Silver prices also fell, falling to
$36.17 per ounce – a few cents below where they started the week
– as the single Euro currency touched new one-month highs near $1.47
despite fresh political wrangling over the latest Greek deficit crisis.
"[Gold] will fizzle out ahead of
the all-time high at $1577.60," reckons Axel Rudolph, senior technical
analyst at Commerzbank.
"The gold price [should
then] retest the 2011 uptrend line at $1503.27 within a few weeks."
"We see risk of another move
higher," counter technical analysts at bullion bank Scotia Mocatta, who see a "measured move" to $1599
should gold break through last month's all-time high.
"[Gold] continues to be boosted by
pockets of investment demand as investors diversify their portfolios,"
says Swiss precious metals firm MKS, but risk appetite will be "mixed in
the short term.
"The precious complex is set to
remain volatile [with] bouts of liquidation" if stock-market prices
continue to fall, MKS says.
Speaking on Tuesday to the American
Bankers Association, "The economy is still producing at levels well
below its potential," US Federal Reserve chairman Ben Bernanke said,
describing the recovery as "frustratingly slow".
"Consequently, accommodative
monetary policies are still needed."
Bernanke's implication was that "a
third round of quantitative easing (QE) is not likely to come," reckons
Sung Won Sohn, economics professor at California
State University. "There's no need to change at this point."
But while Bernanke did not mention
additional monetary stimulus, he did warn of the dangers of aggressive fiscal
tightening, calling it "self-defeating" if Washington caps its
spending and raises taxes "in the very near term."
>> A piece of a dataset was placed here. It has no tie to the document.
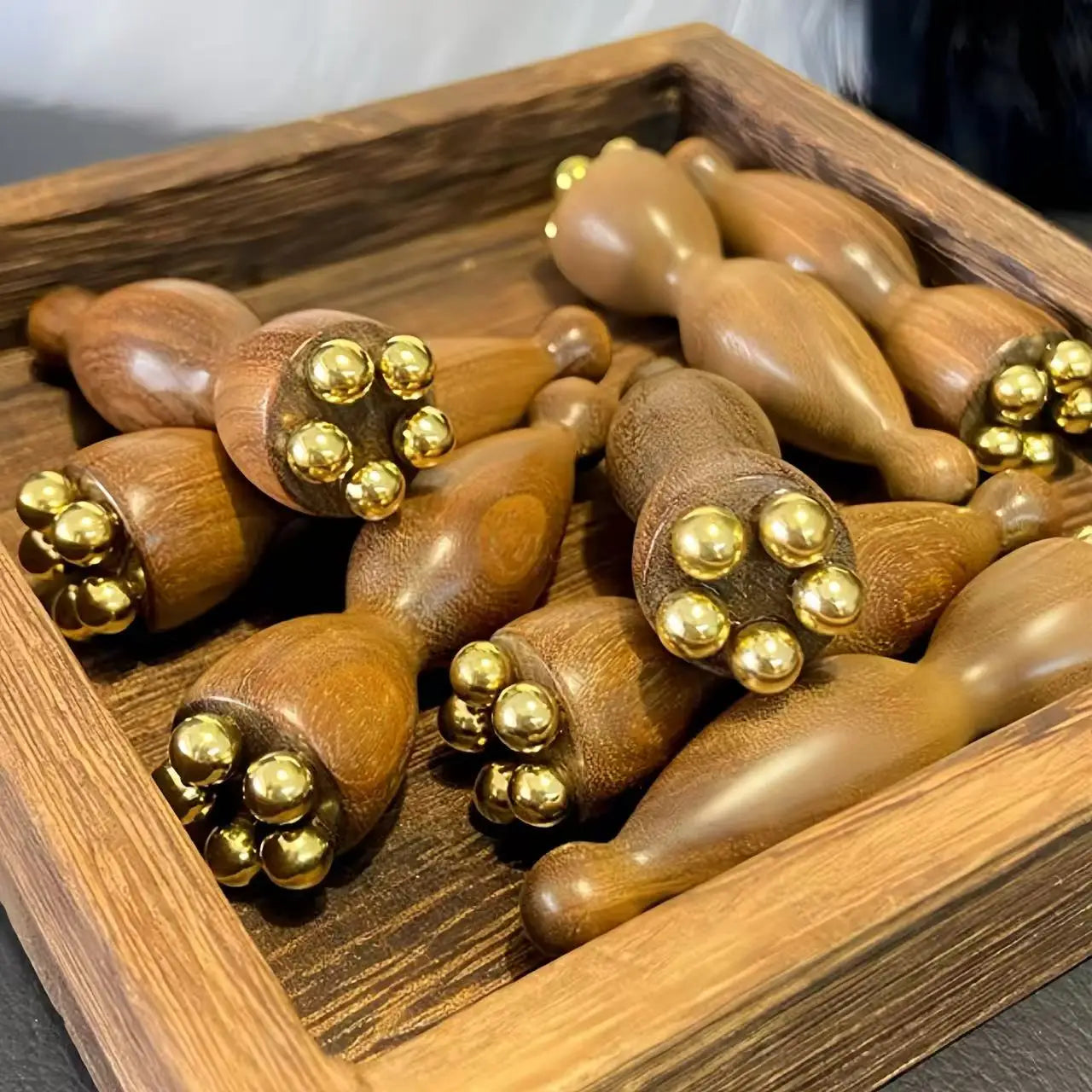 Masseur en forme de semis de Lotus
"We doubt that global government
borrowing will decline soon. We therefore believe that global liquidity will
grind higher – and so will the gold price," says Standard
Bank commodity strategist Walter de Wet.
"A refusal to expand the balance
sheet further [with QE3] shouldn't end gold's push higher."
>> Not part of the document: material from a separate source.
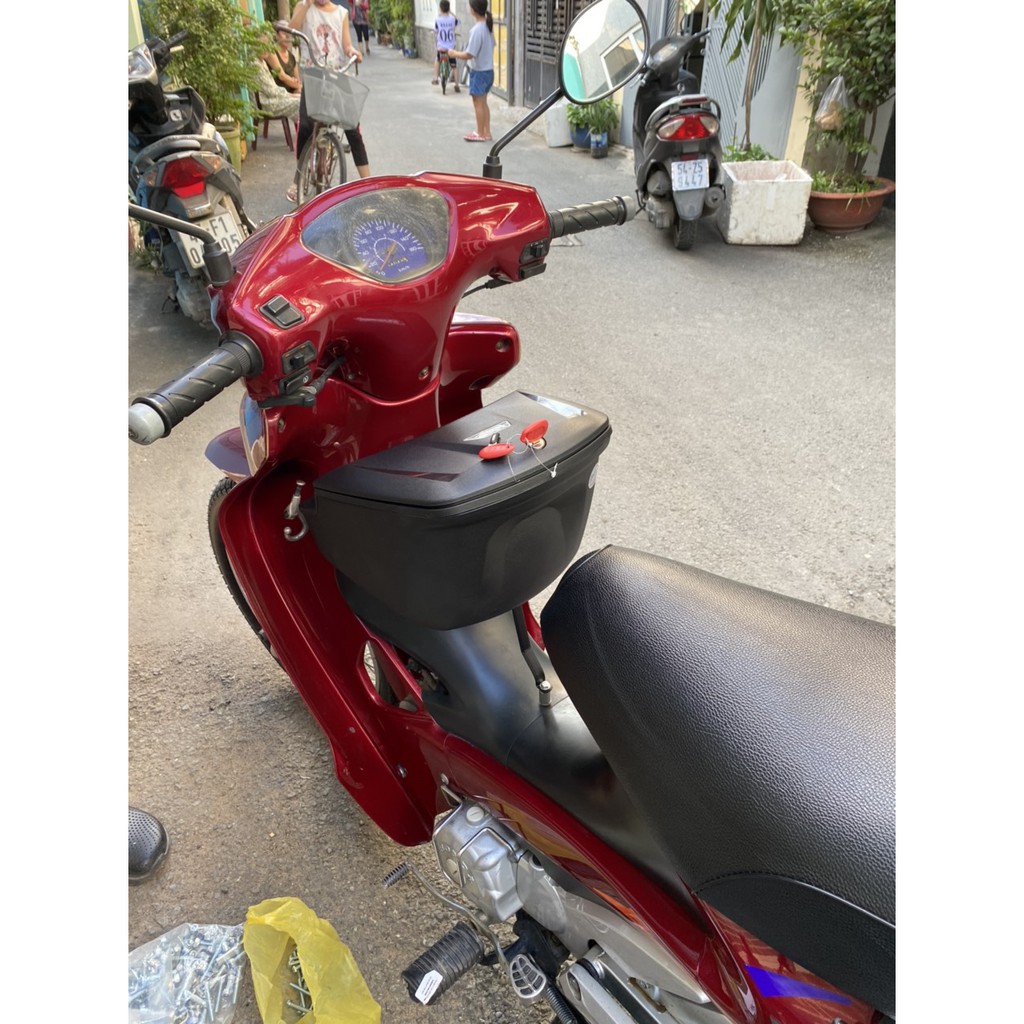 Thùng giữa Future 1, thùng givi G12N kèm bát gắn Future 1, hàng givi chính hãng, bảo hành 2 năm.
Meantime in the 17-nation Eurozone,
"Any additional financial support for Greece has to involve a fair
burden sharing between taxpayers and private investors," writes German
finance minister Wolfgang Schauble in a letter
– dated Monday and leaked to the press on Wednesday – sent to
officials at the International Monetary Fund, European Central Bank and
Eurozone ministers.
"Imposing haircuts on private
investors can seriously disrupt the financial and real economy of both the
debtor and creditor countries," countered ECB executive board member
Lorenzo Bini Smaghi on
Monday, in a speech given in Berlin.
"It ultimately damages the
taxpayers of both the creditor and debtor country... such restructuring
should only be the last resort."
Schauble's letter also
states that the Eurozone project – launched in 1999 – now faces a
"real risk" of its first default.
Earlier this week ECB president Jean-Claude
Trichet said that encouraging private investors to
roll over maturing Greek debt would be considered "appropriate".
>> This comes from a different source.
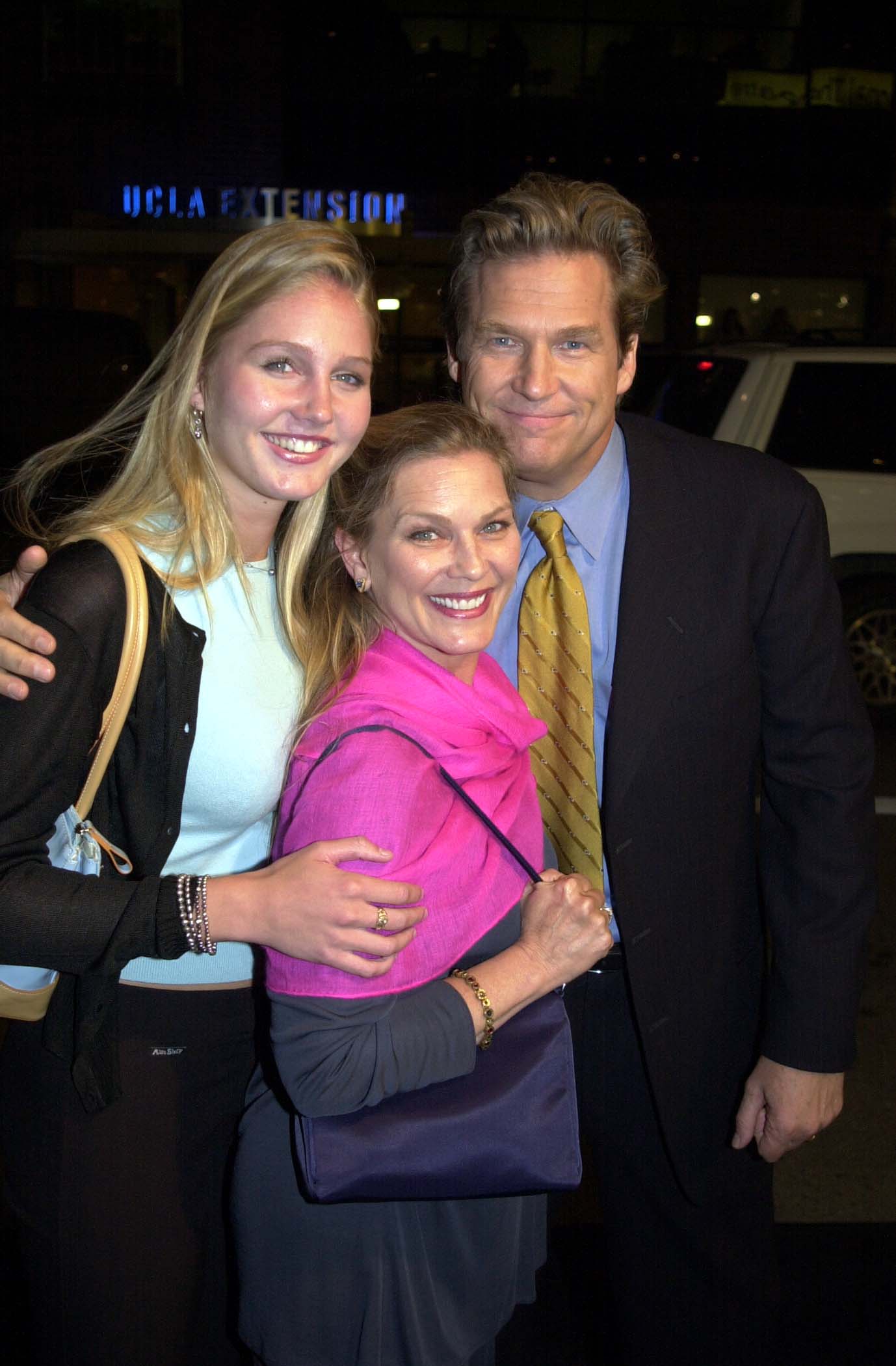 Susan and Jeff Bridges with their daughter Isabelle at "The Contender" premiere in Los Angeles, California, on October 5, 2000 | Source: Getty Images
But "If the rollover has a coercive
element to it, does that itself constitute an element of default?" asks
a gold bullion dealer here in London.
"We find it worrying that some
rating agencies believe a debt rollover in Greece could count as a default
[as] the ECB says it won't accept defaulted Greek bonds as collateral,"
adds Standard Bank currency strategist Steve Barrow.